Le top départ pour la renationalisation d’EDF a été donné. Le gouvernement a annoncé, ce mardi 19 juillet, son plan pour que l’Etat acquiert les 16% restants du capital de l’électricien. Lors de sa déclaration de politique générale, le 6 juillet dernier, Elisabeth Borne avait brièvement abordé la question. Celle-ci n’avait suscité aucun débat. La nationalisation d’EDF, voilà un des rares sujets qui, du Rassemblement national à la Nouvelle union populaire écologique et sociale, ne provoque pas de remous dans les rangs de l’Assemblée nationale. Pourquoi cette unanimité pour la nationalisation? Parce qu’il n’y a pas d’autres solutions. EDF va être dans le rouge cette année et sa dette pourrait atteindre 65 milliards d’euros. “Le groupe pourrait ne pas passer l’année”, avertissait il y a quelques semaines Philippe Page Le Merour, secrétaire du Comité social et économique central (CSEC). Pour éviter ce destin funeste, il fallait que l’Etat reprenne la main.

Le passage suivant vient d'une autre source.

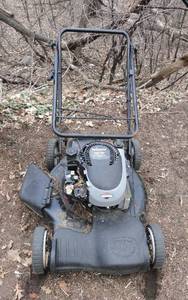 lot 72 image: 22 Yard Machine
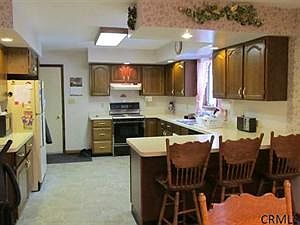 3rd image of 63 Fairview Ln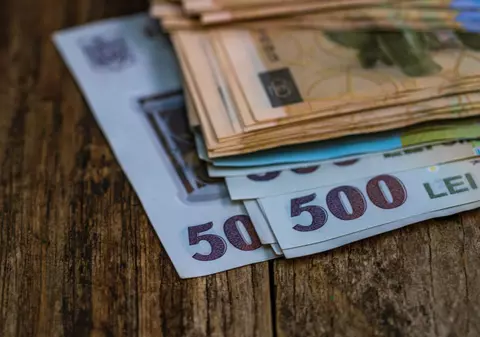 Formula de calcul pentru profesori din noua lege a salarizării. Un profesor debutant va avea un salariu de bază de 7.544 de lei brut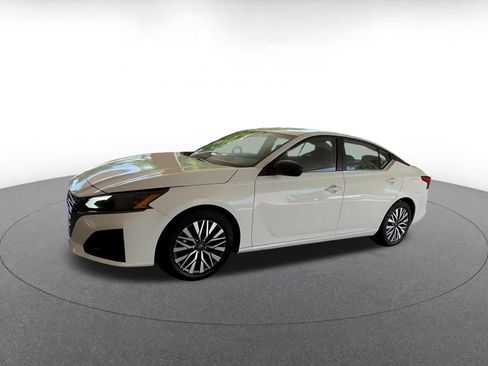 Used 2026 Nissan Altima 2.5 SV FWD image 8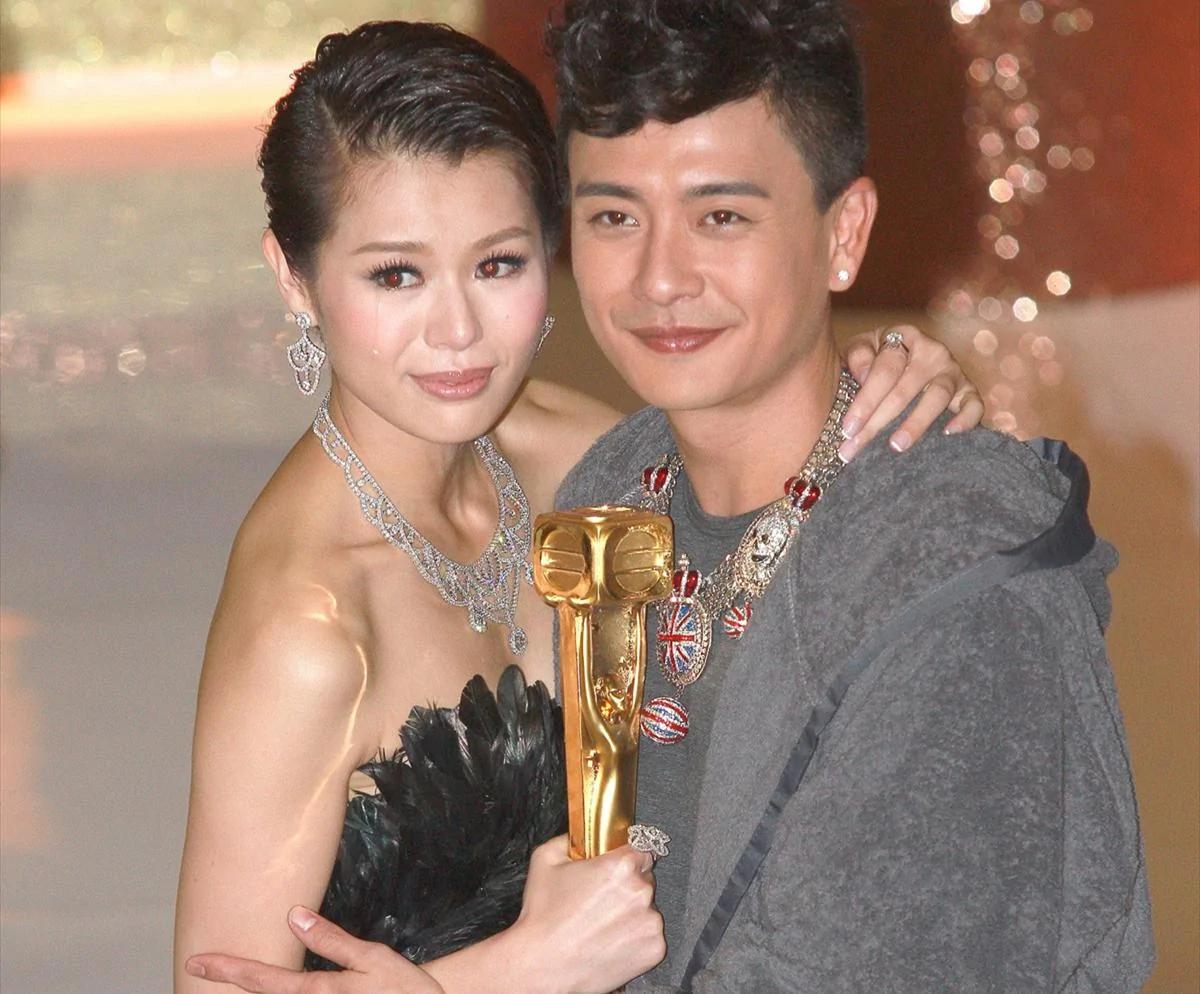 40岁胡杏儿罕谈过往情史 坦言曾遭遇前任背叛 身心都受到伤害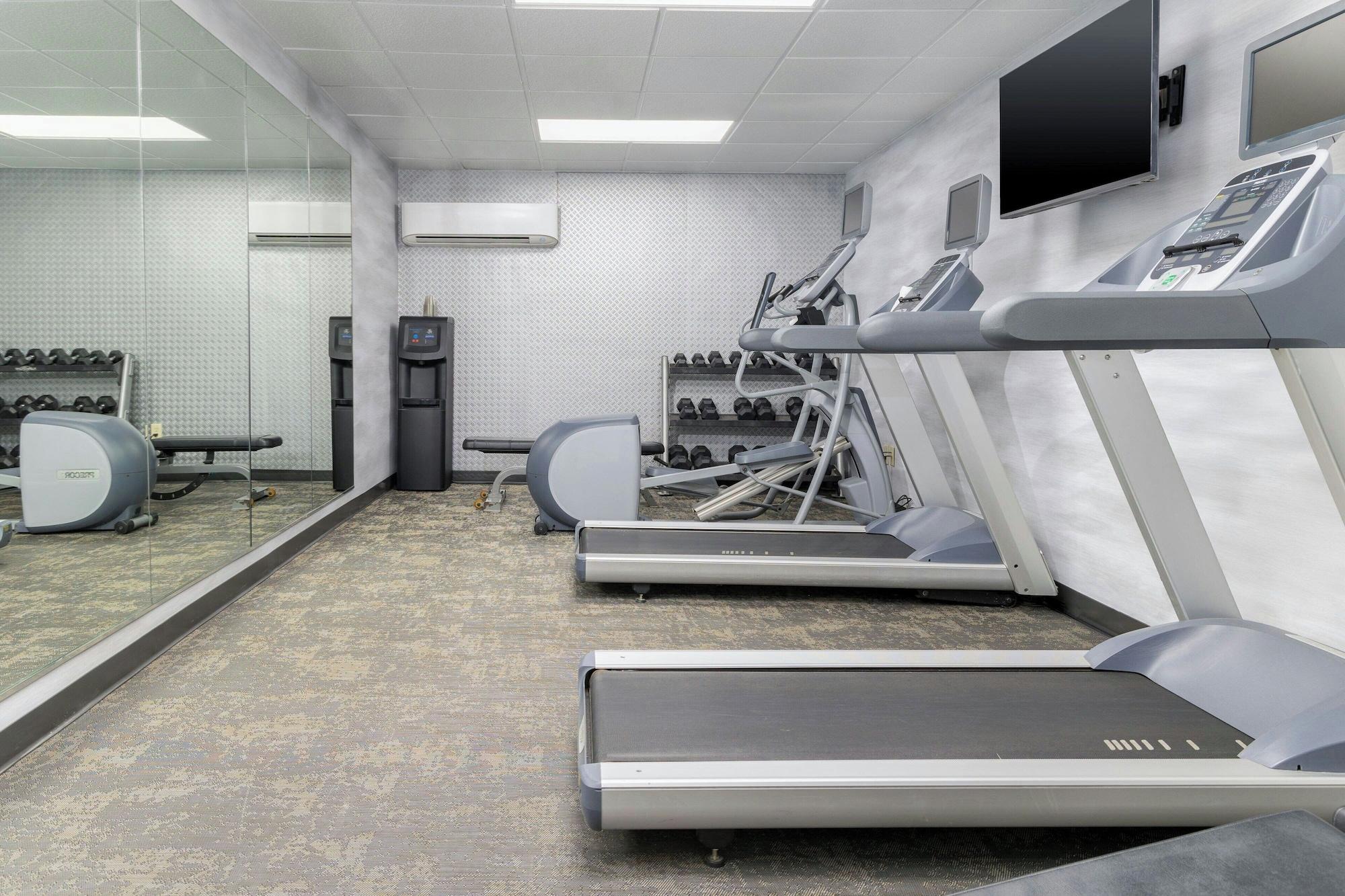 Gimnasio Fairfield Inn & Suites by Marriott Cincinnati Eastgate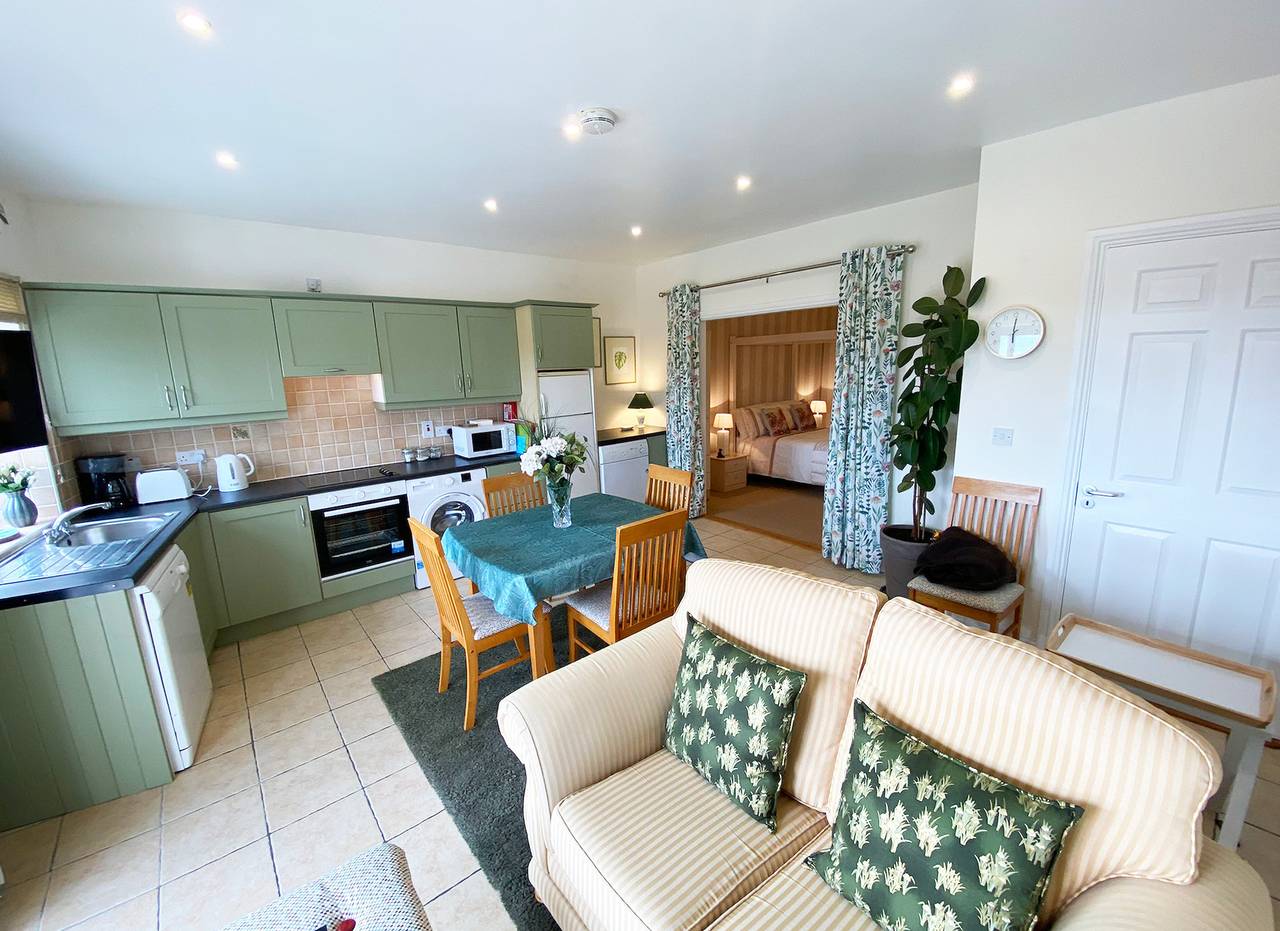 Entire apartment, Chic Studio Clifden in Clifden, Connemara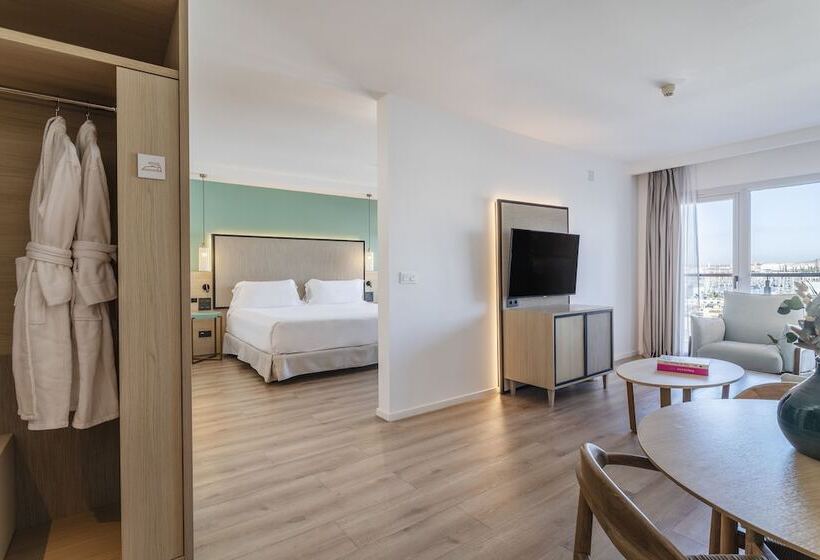 سوئیت جونیور با چشمانداز, Suites Del Mar By Melia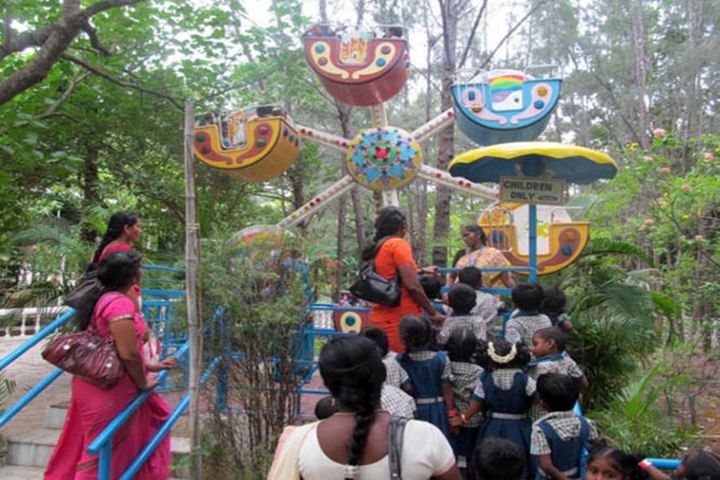 Thriveni Academy-Picnic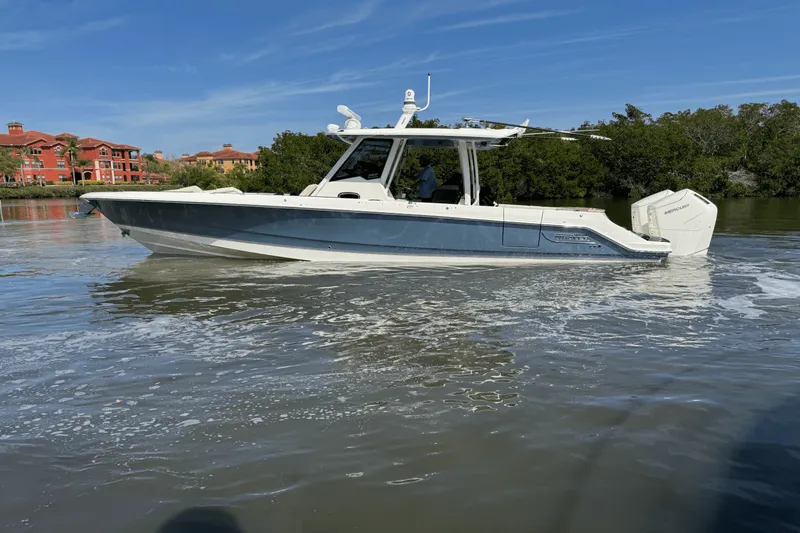 Slide: The Image of Boston Whaler 360 Outrage 2025 - 3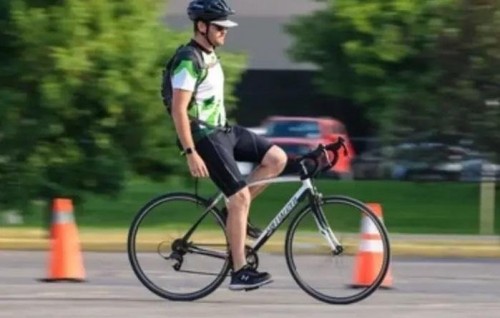 Aiy dhookollaigen bicycle dhuvvai dhuniyeyge record fothah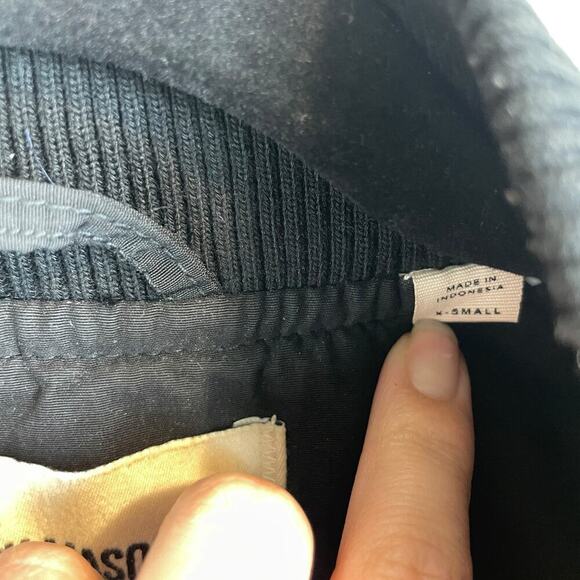 Buck Mason Storm Stopper Classic Weather Resistant Bomber Jacket Black Size XS - Picture 6 of 8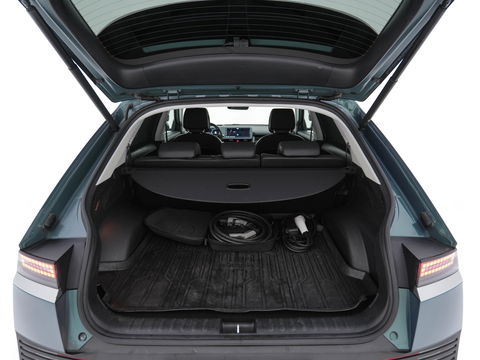 Hyundai IONIQ 5 Connect+ AWD 77.4 kWh [3-FASE] { SOH-} (INCL-BTW) Aut.* HEATPUMP | LUXURY-LEATHER | BOSE-AUDIO | FULL-LED | DIGI-COCKPIT | AMBIENT-LIGHT | DAB | SHIFT-PADDLES | HEAD-UP | NAVI-FULLMAP | KEYLESS | CAMERA | HEATED-COMFORTSEATS | ...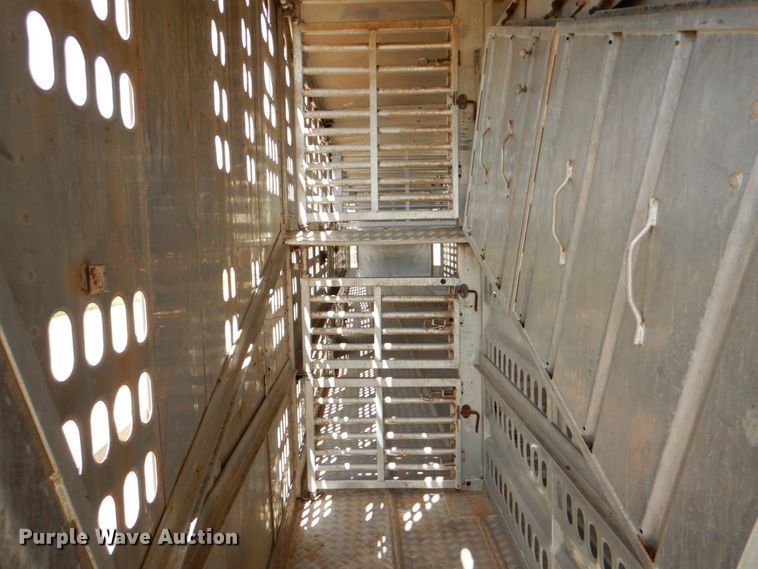 image for item DJ0784 2000 Barrett 00L11965  livestock trailer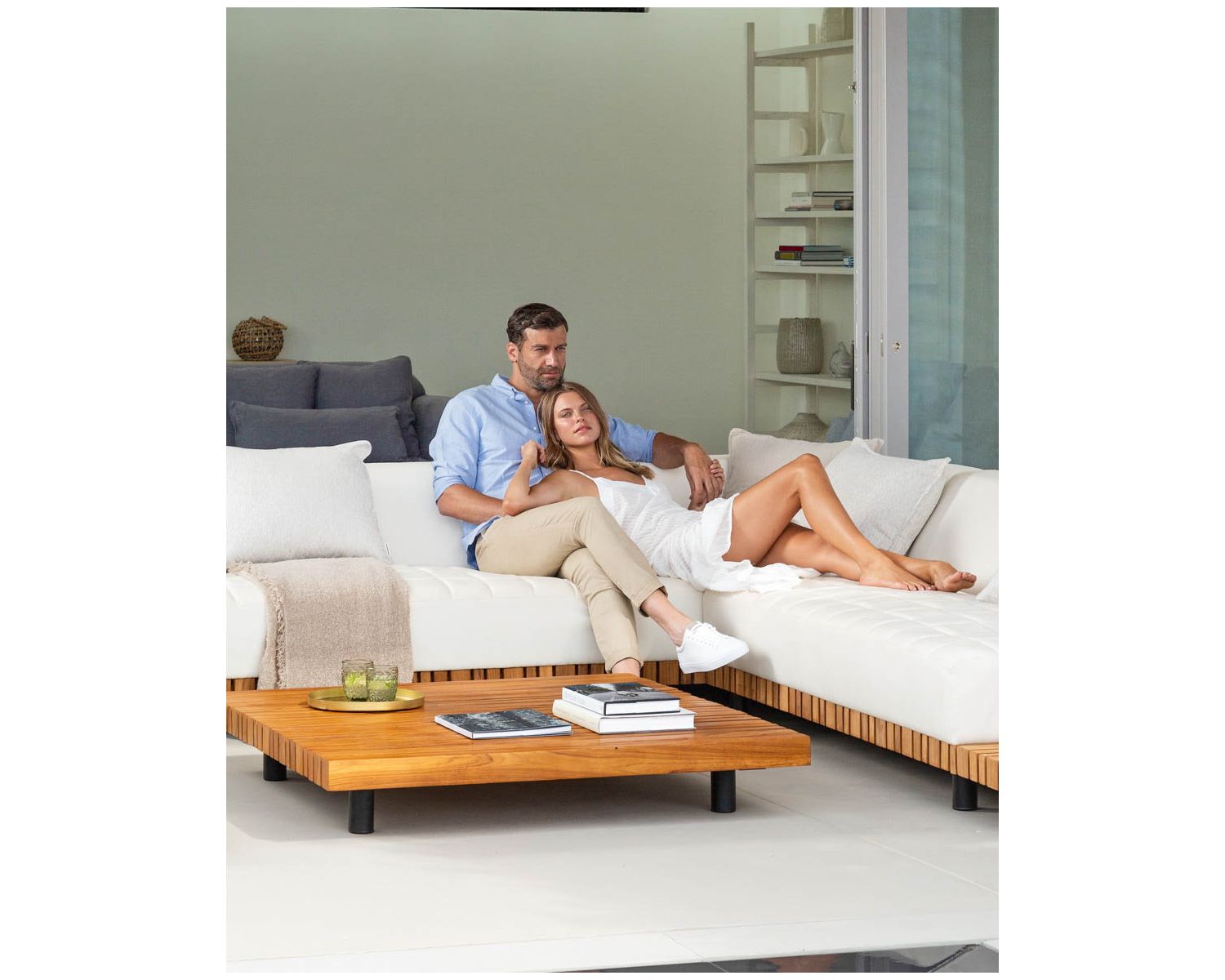 Table basse carrée en teck massif et aluminium 120 x 120 cm "Lombok"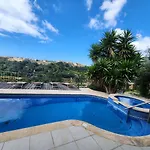Panzió Gozo Pool And Views, Sleeps 3 With Private Bathroom 3*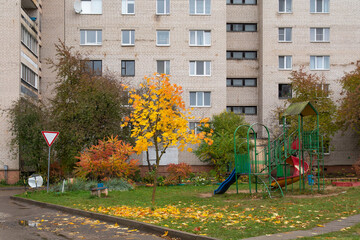 Obraz premium Courtyard in a residential complex in Vitebsk, Belarus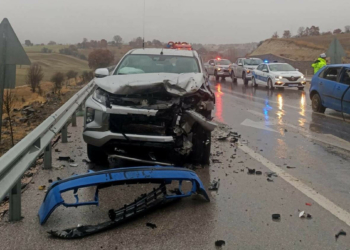 Orman müdürlüğünün kamyoneti kaza yaptı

Initialement, le rachat des minoritaires devait coûter quelque 6 milliards d’euros mais le titre a cru de 30% depuis l’annonce d’Elisabeth Borne. L’Etat, déjà actionnaire à 83,9%, va donc mettre sur la table 9,7 milliards. Une somme qui pèse toutefois peu à l’échelle d’EDF. Prolongations des centrales nucléaires, lancement de six voire quatorze EPR, investissements dans la modernisation des réseaux… L’électricien est face à un mur d’investissement de plus de 100 milliards. Avec 100% du capital, l’Etat aura les mains plus libres. Il pourra se financer et emprunter à coût modéré. Pour cette renationalisation, le gouvernement a choisi la voie la plus simple d’une OPA, sans passer par une loi de nationalisation qui aurait été la première depuis 1981.
Ressusciter Hercule
Mais la vraie question est ailleurs. Combien de temps de temps, le nouvel EDF restera-t-il dans le giron de l’Etat? “La nationalisation à 100% ne sera qu’une première étape d’un processus dans lequel on séparera les activités concurrentielles (les renouvelables, les réseaux) des activités non concurrentielles (le nucléaire)”, indique Elie Cohen, économiste et directeur de recherche au CNRS. ” C’est un projet en trompe-l’œil, note un bon connaisseur du monde de l’énergie. Après la nationalisation, l’Etat va procéder à une opération vérité. On verra alors que les comptes sont exsangues et que pour financer son programme nucléaire EDF a besoin de cash. D’où l’idée de vendre l’entreprise par appartements.” Ce qui était déjà en germe avec le plan Hercule. Un plan voulu par Emmanuel Macron dès 2015 lorsqu’il officiait comme ministre de l’Economie. L’an dernier le projet de réforme consistant à organiser le groupe en trois entités distinctes avait été remisé parce que les conditions n’étaient pas réunies. Il y avait le calendrier électoral avec les élections présidentielle et législatives. Il y avait surtout l’opposition résolue des syndicats qui militent pour un EDF intégré. Hercule a donc été repoussé mais pas enterré.
Le gouvernement va-t-il oser le ressusciter dans la foulée de la nationalisation? “Avec la réforme des retraites qui entraînerait la fin des industries électriques et gazières (un statut privilégié dont bénéficient les salariés d’EDF, NDLR) et le retour d’Hercule, la rentrée risque d’être agitée”, dit un proche du dossier. La tâche du gouvernement ne va pas être simple. Outre la colère des syndicats, il devra aussi composer avec l’Union européenne. Bruxelles étant très regardante sur les éventuelles subventions croisées assimilables à des aides d’Etat, EDF devra garantir des séparations claires entre ses différentes divisions, notamment la production d’électricité et l’activité de commercialisation. Un vrai travail herculéen.